§ **GOAL OF THE EXERCISE**:
Your answer should be the lines below from the one with "This is part" to the one with "Oh, and then", both included, given again exactly and with nothing added.

§ **GIVEN DATA**:
^^^^^^^^^^^^^^^^

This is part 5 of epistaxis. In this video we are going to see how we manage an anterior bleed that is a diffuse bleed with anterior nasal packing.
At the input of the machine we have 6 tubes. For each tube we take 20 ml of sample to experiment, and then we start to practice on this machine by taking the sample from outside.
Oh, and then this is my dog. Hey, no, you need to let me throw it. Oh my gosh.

^^^^^^^^^^^^^^^^

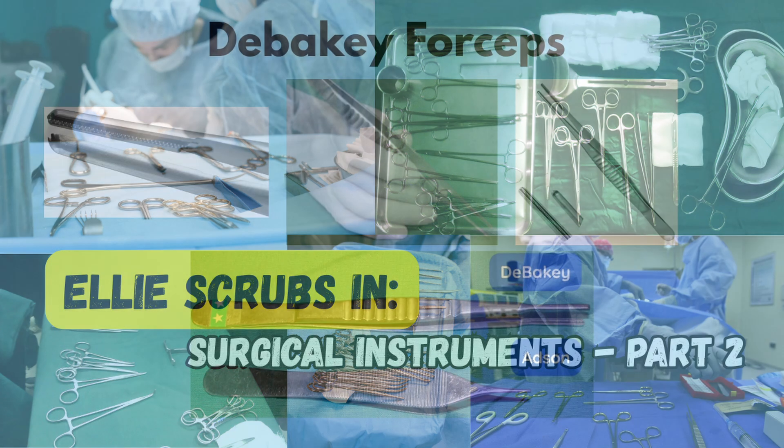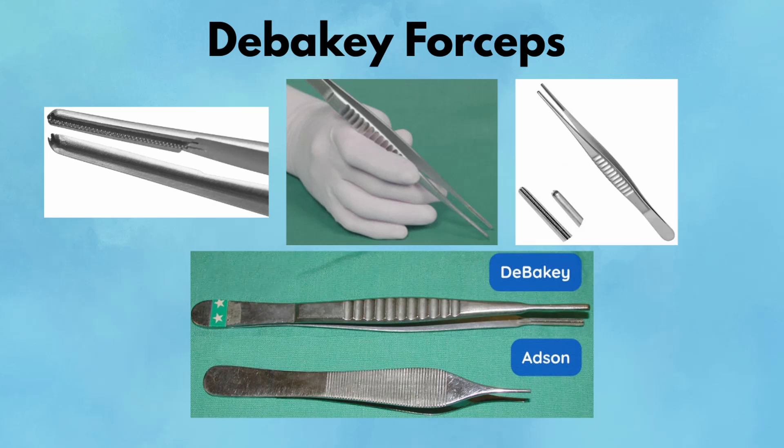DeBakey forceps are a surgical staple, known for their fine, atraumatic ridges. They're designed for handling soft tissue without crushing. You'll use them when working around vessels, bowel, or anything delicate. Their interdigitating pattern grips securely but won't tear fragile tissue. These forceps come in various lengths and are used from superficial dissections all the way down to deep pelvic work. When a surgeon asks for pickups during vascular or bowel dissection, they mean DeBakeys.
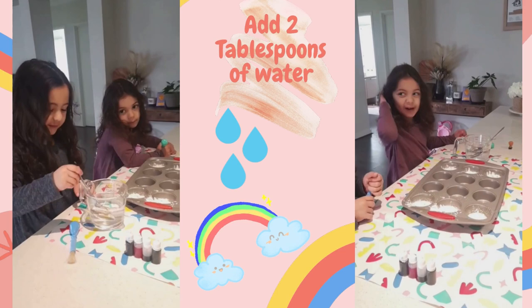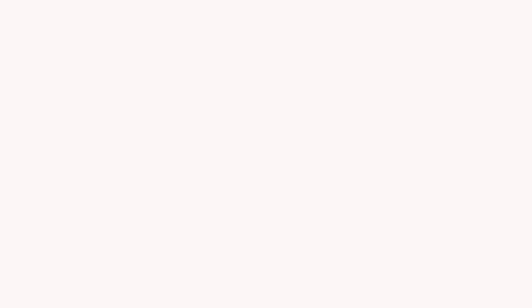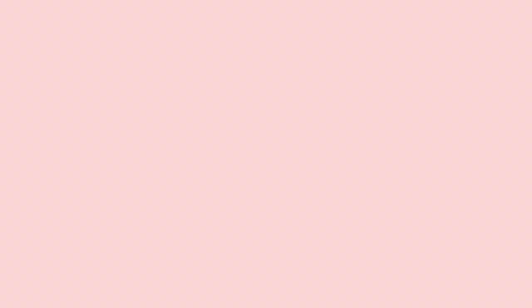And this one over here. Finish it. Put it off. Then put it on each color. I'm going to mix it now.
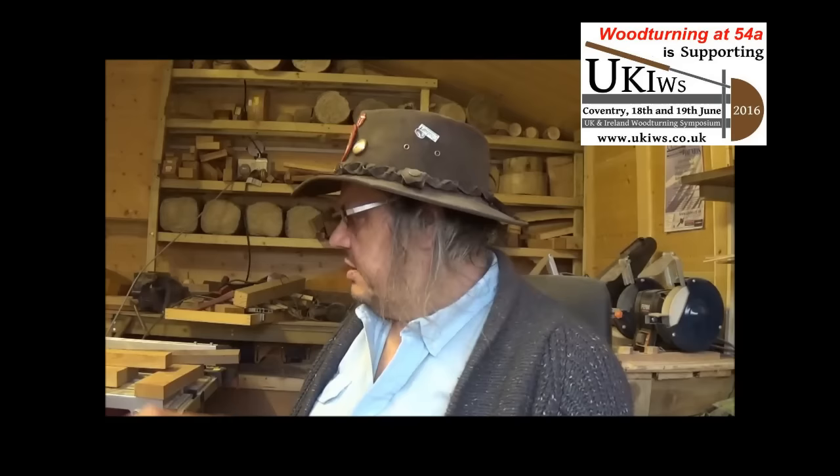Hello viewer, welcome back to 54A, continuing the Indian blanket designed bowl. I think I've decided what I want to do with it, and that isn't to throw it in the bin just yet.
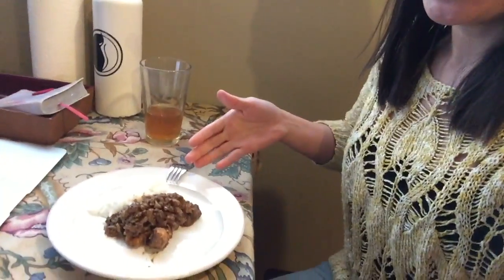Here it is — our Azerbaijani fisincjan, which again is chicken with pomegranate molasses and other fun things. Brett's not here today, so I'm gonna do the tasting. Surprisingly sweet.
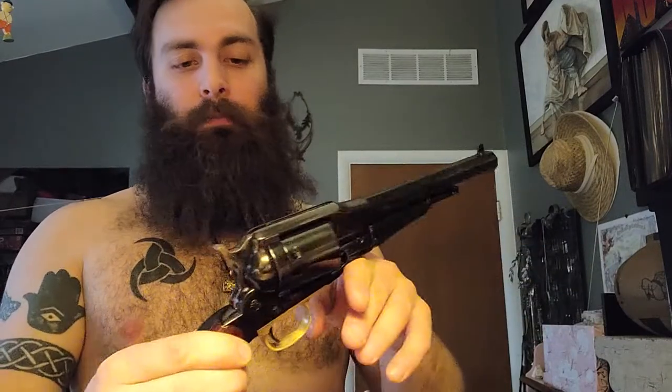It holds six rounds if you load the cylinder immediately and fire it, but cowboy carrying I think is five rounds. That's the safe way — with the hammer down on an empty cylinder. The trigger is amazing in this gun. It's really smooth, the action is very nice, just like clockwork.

^^^^^^^^^^^^^^^^

§ **RESPONSE**:
This is part 5 of epistaxis. In this video we are going to see how we manage an anterior bleed that is a diffuse bleed with anterior nasal packing.
At the input of the machine we have 6 tubes. For each tube we take 20 ml of sample to experiment, and then we start to practice on this machine by taking the sample from outside.
Oh, and then this is my dog. Hey, no, you need to let me throw it. Oh my gosh.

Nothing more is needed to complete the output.